Avec «Les mauvaises rencontres», on découvre le poète Claude Renard, né en 1926, qui publie un recueil d’une centaine de pages, dont la maturité poétique étonne et enchante. Livre dense que celui-ci où l’auteur met en scène son expérience de la vie et son amour de la syntaxe. Les mots y sont choisis pour leur verdeur ou leur cadence. Les hommes y sont mortels et portés par le temps, ce temps « qui monte aux chevilles » et envahit tout, de l’espace et du chant.
Utilisant la rime ou le poème en prose, l’anecdote ou la besace aux souvenirs, Claude Renard fait preuve ici d’un sens aigu de l’art poétique. Sans être précieux ou redondant, il utilise des mots charnels capables d’évoquer les rares embellies de l’inspiration avec force et talent. On sent dans ces textes un amour certain pour la formule avec, en cadeau, l’indispensable « vécu » à l’origine de chaque poème. « Des corbeaux tout à fait démodés mais bons calligraphes jettent négligemment sur la neige un brouillon de légende tout mâchuré de brume et de pluie ».

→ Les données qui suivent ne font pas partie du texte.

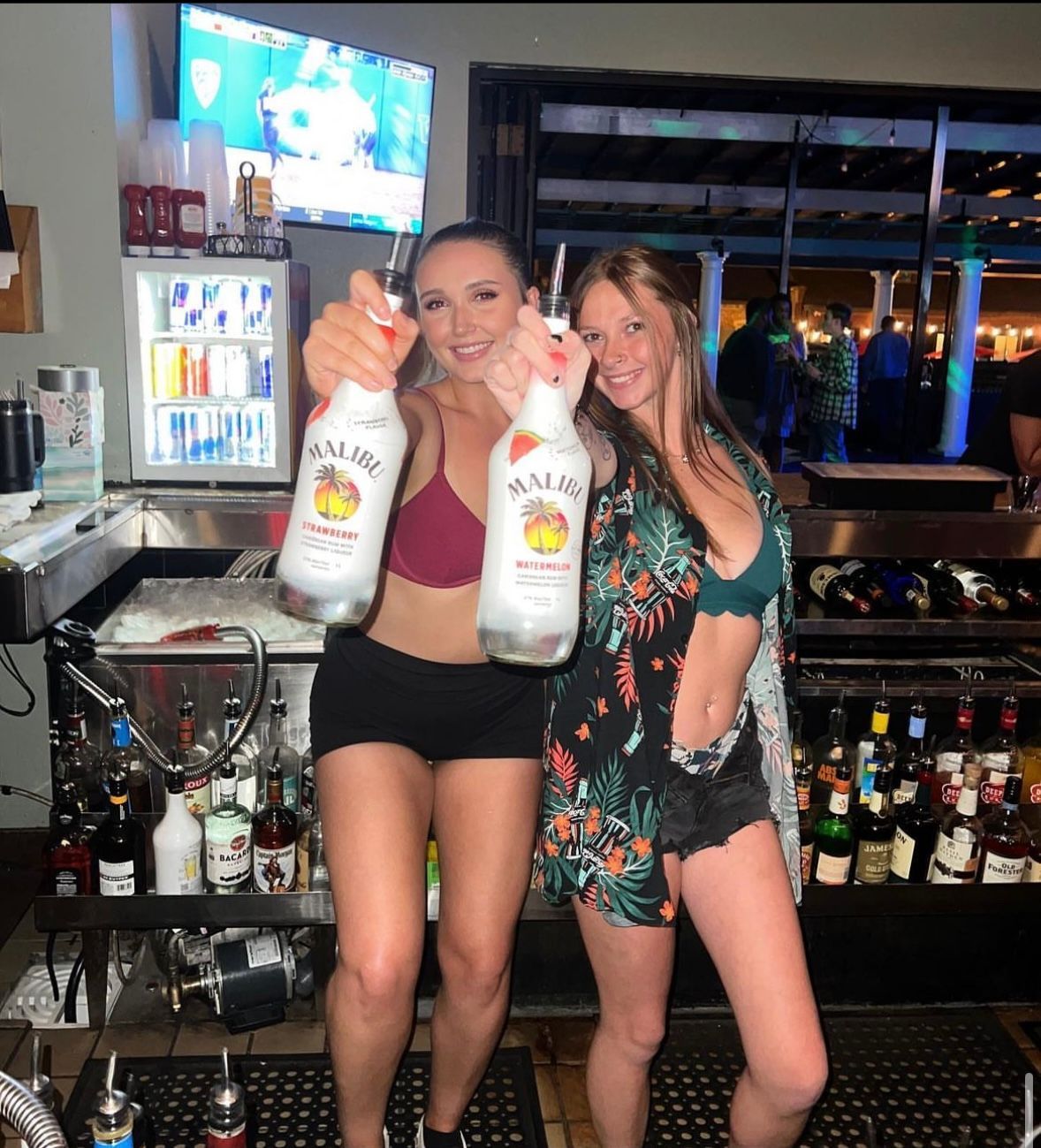 two girls in a bar holding liquor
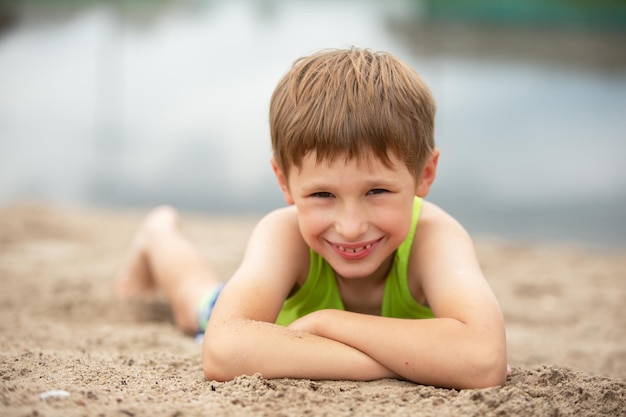 水の近くの砂の中の小さな陽気な子供ビーチで夏服を着た少年の肖像画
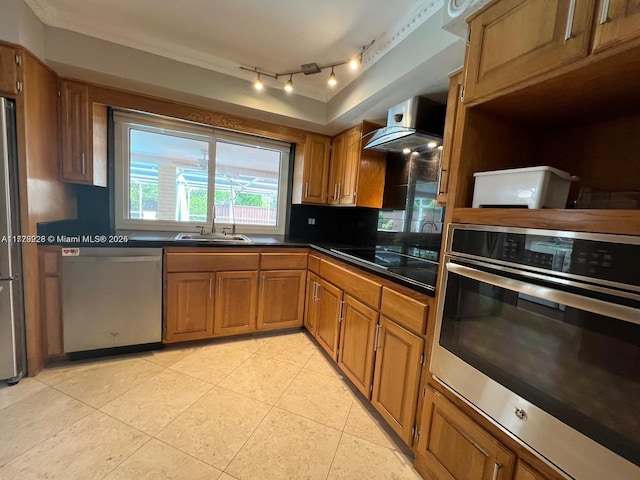 kitchen featuring sink, light tile patterned floors, wall chimney range hood, and appliances with stainless steel finishes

Magritte et Ensor sont conviés à la table du poète avec cette simplicité magique que l’on accorde aux plus grands. L’humour, un humour quelque peu désenchanté, s’affirme de page en page, mais Claude Renard sait voir au-delà de l’évidence, « dans le coin droit du paysage »… «… deux amants témoins heureux du grand naufrage ».
©Jean Chatard
Note de lecture in Les Hommes sans épaules, n° 21, premier semestre 2006.